Happily for students, faculty and guests, the campus remains in a state of permanent construction/expansion, giving the layout a futuristic image, that tomorrow will be even better.

Tucked away in a warm, comfortable setting near the top of the campus is the Office of the President, the busiest enclave on the grounds. Seven weeks ago, on Aug. 25, the setting became home to its third occupant in the last 4½ months.

On a chilly day at precisely the appointed hour, Dr. Rose Marie Joyce, attired in a smart black cape, appears in the doorway.

Just as certain factions in Culver City would love to retain Interim Supt. Patty Jaffe on a permanent basis, it is said that Dr. Joyce, whose first name also is Interim, soon may attract a similar rooting section.

Well-coiffed in stylish gray, psychologically snug, direct, no-nonsense and no excess, she looks her questioner in the eye and responds without a single letter of amplification. Elaboration is for long-termers fishing for favor and a new contract. Her term, until the end of next spring, is framed in immutable steel. She has been a community college president before, and it shows. The lady knows how to play president, and make no mistake, the accent only is on the second word.

Was it just a coincidence that an increasingly acrimonious dispute with City Hall and an array of homeowners over construction behavior and not-so-frilly surrounding details were accommodatingly resolved not long after she took office?

“I think there were several factors,” Dr. Joyce said. “There was a new City Manager (John Nachbar) looking at things a little differently. And it was important to incorporate the homeowners’ (groups) with the city instead of having the homeowners negotiate directly (or separately),” getting better organized instead of meeting disparately.

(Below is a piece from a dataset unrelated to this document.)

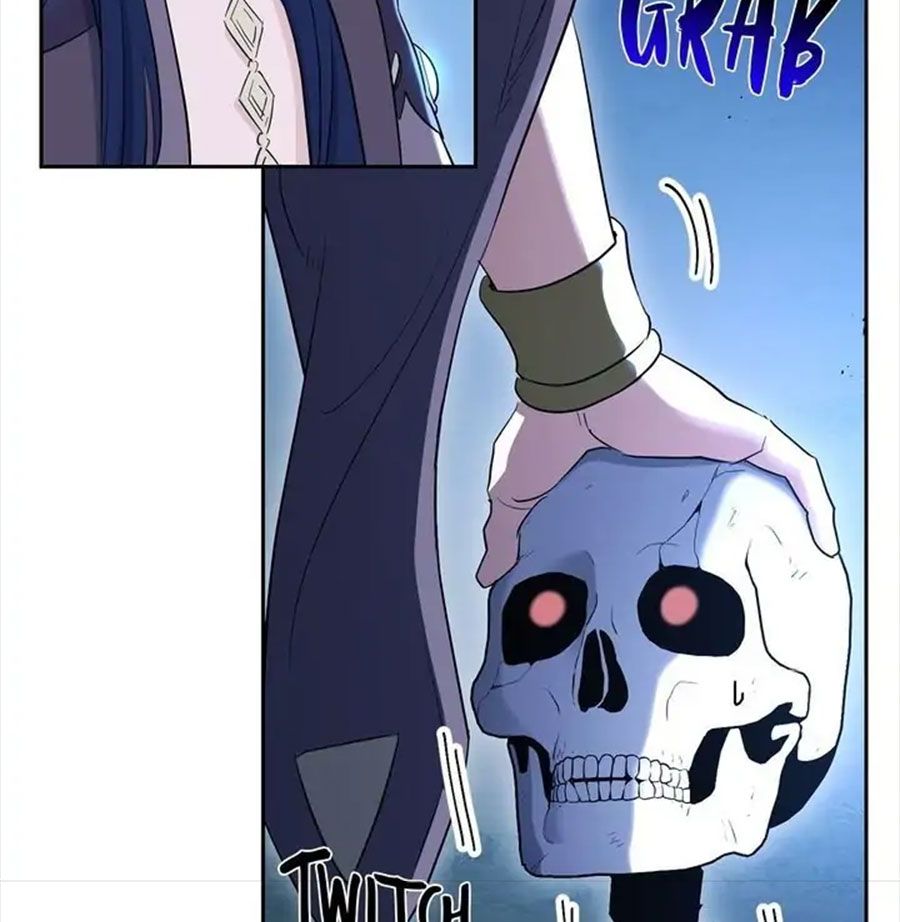 Chiến Binh Xương Trắng Thất Thủ: Chapter 139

“When there are so many layers, so many interests, and you are trying to find common ground, it is harder if you have representative bodies.

“The second factor was the homeowners. They recognized there were so many diverse interests, even among themselves, that good would come from coming together and working with the city. Certainly the city could leverage and influence more than any one homeowner group.

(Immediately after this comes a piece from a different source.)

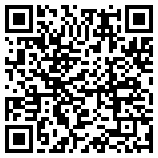 QR Code for Kevin Masterson MD in Cleveland, OH 44126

“Another factor was that I was new. New people can start looking at things differently. It’s not better. It’s just open-up-thinking kind of thing.

“At that point (early to mid-September), too, everyone wanted to settle it. There was a preliminary agreement between the college and the city, but we had not gotten a signoff from the owners. City Council people, of course, are very responsive to their constituents. Council members just wanted to make sure they had been heard. And I think they didn’t think that.”

Even though you may have been headed toward agreement, what about the lawsuit that City Hall filed on the last day allowed by law to declare its protest of the environmental impact report the community college board of trustees had certified? Was the filing just a technicality?

“I think the final factor was the city does not want to spend money on attorneys’ fees. Yes, we had money, but we wanted to use the money to build buildings, not on attorneys. That was also a motivating factor. I talked to the City Manager about it. I told him how we felt about it. He felt the same. I think we were motivated.

“Also, I believe agreement was 95 percent there (when the new leadership entered negotiations). We did not start all over. There were no takebacks. It was really a final finetuning. The document was 95 percent there. The hard work already had been done.”

Was the filing of the lawsuit a legal technicality rather than a full-blown threat or generally divisive matter?

“I don’t think it was a threat. I think the City Council took their action very seriously. Of course they knew it would get our attention. But they had told us before how strongly they felt. I think it was their way of having a backup plan. There was a time deadline. If they didn’t file, they were going to lose any leverage they had, even on that 95 percent document.”